Mutual funds had not been defined as a taxable unit for many decades, with investors in mutual funds reaping gains from the 15% tax privilege. But a change occurred when the cabinet in August 2018 approved the 15% withholding tax on gains from fixed-income funds.
The tax tweak is meant to reduce inequality in taxation between direct investment in debt securities and investment in debt securities through mutual funds.
The change has been in effect since Aug 20, 2019.
"We have seen a drastic increase in short-term debenture issuance over the periods [before the withholding tax implementation date]," said senior vice-president Sirinart Amornthum. "It [the tax measure] could affect the trading structure of both the primary and secondary bond markets."

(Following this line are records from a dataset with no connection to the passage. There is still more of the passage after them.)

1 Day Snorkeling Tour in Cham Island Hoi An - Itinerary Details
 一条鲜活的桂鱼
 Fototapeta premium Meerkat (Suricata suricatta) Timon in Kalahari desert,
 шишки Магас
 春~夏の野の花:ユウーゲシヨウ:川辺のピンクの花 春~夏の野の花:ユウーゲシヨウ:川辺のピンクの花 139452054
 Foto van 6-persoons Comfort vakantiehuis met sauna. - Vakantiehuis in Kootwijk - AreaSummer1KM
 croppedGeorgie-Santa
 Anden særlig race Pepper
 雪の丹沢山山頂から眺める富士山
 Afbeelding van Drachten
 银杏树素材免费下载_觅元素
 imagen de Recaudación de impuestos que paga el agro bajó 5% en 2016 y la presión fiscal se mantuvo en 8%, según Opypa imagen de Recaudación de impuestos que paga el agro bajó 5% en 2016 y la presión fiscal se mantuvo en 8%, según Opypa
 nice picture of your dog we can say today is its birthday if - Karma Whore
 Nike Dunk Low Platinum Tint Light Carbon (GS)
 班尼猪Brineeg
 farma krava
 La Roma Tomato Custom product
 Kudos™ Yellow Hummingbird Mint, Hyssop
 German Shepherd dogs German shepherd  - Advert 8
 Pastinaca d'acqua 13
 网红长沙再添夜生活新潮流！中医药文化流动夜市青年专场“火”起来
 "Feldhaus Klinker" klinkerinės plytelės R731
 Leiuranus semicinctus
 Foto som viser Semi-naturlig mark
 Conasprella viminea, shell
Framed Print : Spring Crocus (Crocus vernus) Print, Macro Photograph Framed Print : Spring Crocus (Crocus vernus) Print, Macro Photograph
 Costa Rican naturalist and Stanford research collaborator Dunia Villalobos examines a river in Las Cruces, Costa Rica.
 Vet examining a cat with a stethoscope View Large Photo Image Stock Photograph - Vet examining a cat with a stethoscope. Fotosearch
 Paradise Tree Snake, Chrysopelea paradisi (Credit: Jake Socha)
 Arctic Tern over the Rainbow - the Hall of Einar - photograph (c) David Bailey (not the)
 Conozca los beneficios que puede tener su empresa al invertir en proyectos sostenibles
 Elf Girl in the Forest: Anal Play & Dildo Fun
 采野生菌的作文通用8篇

The daily average value of long-term debenture issuance rose to 7.9 billion baht between Aug 1 and 19, up from 5.4 billion baht logged between January and July, according to TBMA data. Long-term debenture issuance dropped to 2 billion baht between Aug 21 and Sept 27.
For the secondary bond market, the average daily trading value rose to 2.6 billion baht during Aug 1-19 from 1.5 billion baht in the first seven months. Trading value then dropped to 800 million baht a day after the effective date.
"The bond market's trading volume almost dried up during the first few days after the tax became effective," Ms Sirinart said.
The trading behaviour of investors in the bond market could change in the long run because of the tax liability.
The tax tweak could backfire on the government or the Bank of Thailand in terms of funding costs when either of them wants to undergo bond reopenings, a process to issue an additional amount of previously issued bonds to increase liquidity, Ms Sirinart said.
The government normally reopens a government bond with a coupon rate higher than the market yield to attract investors. For example, a reopened government bond comes with a 4% coupon rate, higher than the 3% market yield.
"Asset management companies may not be tempted to buy reopened government bonds, since the 15% withholding tax is collected on the coupon rate," Ms Sirinart said. "This means that the net return will be lower than it should be, due to the excessive tax payment."
The same principle also applies to bonds issued by the central bank.
"The lower return would affect demand to buy the Bank of Thailand's bonds by asset management companies," Ms Sirinart said. "I do not know how the central bank would compensate for this, but at the least this means that the cost of the monetary policy has to increase."